People might try to persuade me that the rest of me could manage just fine without my shoulders, that it would be alright because if I ever decided to leave them they’d probably be so keen to continue to do all the work that I could absolve any responsibility for looking after them. These people would promise me that I wouldn’t have to think about back stroke ever again, but still my shoulders would be there… all eager to do my bidding and delighted to let me keep all of my rights to use them without any of the responsibility for looking after them. They’d brush off my insistence that I simply wouldn’t be able to lift a cup of tea, tell me that my belief that without my shoulders I’d be weaker and would look silly to boot as scaremongering. Project Fear, they’d call it. They’d make vague references to my being able to Take Back Control, without ever really explaining just how I’d manage that without, if only I got rid of the troublesome shoulders. They’d insist that my shoulders have somehow taken over from brain and are running the show in secret, robbing me of opportunities I don’t even know I’m missing. My weak lower back, and my muffin top, are all the fault of  my shoulders. If only I would listen to them and get rid of my shoulders I’d be able to knock out 5k fly standing on my head. They’re sure of it.

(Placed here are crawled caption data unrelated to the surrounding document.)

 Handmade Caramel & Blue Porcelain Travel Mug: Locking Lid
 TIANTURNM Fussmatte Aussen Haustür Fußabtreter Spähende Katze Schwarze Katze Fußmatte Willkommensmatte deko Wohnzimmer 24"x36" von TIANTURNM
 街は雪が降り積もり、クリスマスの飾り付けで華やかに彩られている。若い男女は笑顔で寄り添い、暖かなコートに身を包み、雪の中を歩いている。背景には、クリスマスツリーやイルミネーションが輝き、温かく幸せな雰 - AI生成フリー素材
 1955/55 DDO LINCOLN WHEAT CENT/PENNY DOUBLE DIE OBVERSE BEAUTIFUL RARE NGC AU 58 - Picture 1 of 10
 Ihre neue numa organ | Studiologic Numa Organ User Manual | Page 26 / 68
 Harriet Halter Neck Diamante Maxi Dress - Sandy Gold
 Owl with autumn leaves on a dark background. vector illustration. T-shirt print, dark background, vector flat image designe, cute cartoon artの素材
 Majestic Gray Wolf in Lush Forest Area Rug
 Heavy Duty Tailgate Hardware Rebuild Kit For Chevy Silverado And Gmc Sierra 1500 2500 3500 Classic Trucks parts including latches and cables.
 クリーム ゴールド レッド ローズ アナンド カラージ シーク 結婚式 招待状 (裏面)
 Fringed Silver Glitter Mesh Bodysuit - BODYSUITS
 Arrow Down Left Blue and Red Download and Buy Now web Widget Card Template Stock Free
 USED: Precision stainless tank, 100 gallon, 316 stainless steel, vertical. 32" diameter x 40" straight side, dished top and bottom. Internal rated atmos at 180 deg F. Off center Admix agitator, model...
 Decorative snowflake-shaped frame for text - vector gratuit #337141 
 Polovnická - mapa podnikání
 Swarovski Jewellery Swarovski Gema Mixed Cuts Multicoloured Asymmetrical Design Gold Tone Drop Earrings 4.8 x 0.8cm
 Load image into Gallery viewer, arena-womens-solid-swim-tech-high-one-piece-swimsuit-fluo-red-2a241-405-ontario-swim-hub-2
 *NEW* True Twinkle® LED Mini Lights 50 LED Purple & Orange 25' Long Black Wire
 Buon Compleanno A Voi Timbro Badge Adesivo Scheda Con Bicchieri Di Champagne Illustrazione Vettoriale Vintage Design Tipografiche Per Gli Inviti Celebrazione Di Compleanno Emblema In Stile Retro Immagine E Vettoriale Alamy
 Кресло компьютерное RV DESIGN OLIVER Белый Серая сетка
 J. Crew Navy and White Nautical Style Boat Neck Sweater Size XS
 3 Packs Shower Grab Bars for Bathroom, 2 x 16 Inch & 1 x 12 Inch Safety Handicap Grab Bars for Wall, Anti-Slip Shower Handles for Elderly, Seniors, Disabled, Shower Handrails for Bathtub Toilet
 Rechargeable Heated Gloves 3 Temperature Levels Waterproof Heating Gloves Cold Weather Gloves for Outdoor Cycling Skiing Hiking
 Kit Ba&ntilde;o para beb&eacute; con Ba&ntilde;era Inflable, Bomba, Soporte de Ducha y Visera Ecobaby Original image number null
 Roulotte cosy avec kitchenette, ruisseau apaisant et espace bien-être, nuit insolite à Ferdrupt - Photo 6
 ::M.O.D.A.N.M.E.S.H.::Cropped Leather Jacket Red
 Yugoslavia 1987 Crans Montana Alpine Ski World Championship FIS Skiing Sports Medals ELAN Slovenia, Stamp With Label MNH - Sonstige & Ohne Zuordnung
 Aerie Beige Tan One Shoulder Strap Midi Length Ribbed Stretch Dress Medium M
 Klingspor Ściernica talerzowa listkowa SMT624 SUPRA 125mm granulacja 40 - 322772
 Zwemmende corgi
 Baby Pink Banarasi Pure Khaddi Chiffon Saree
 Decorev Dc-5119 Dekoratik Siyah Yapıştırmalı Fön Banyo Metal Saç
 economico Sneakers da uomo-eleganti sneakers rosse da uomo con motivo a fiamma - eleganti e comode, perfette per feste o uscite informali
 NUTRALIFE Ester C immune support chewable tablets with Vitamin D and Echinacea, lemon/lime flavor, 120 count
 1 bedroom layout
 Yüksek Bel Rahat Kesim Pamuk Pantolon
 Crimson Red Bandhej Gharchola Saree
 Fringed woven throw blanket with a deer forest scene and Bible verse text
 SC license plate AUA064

But that wouldn’t be a gamble I’d ever want to take, to be frank. Why would I?

And no, those numbers up there are not big enough. I am still finding it hard to breathe at all, so swimming is a significant challenge and I am feeling pretty demotivated about that because the clock is ticking. My stroke feels much better, although the jazz hands are still an issue and the wandering knees creep in when I tire… but I feel that if my lungs ever clear I might be able to start to build things up with the stroke as it is… but this morning I couldn’t string out more than two lengths continuous without coughing my guts up. Not pretty.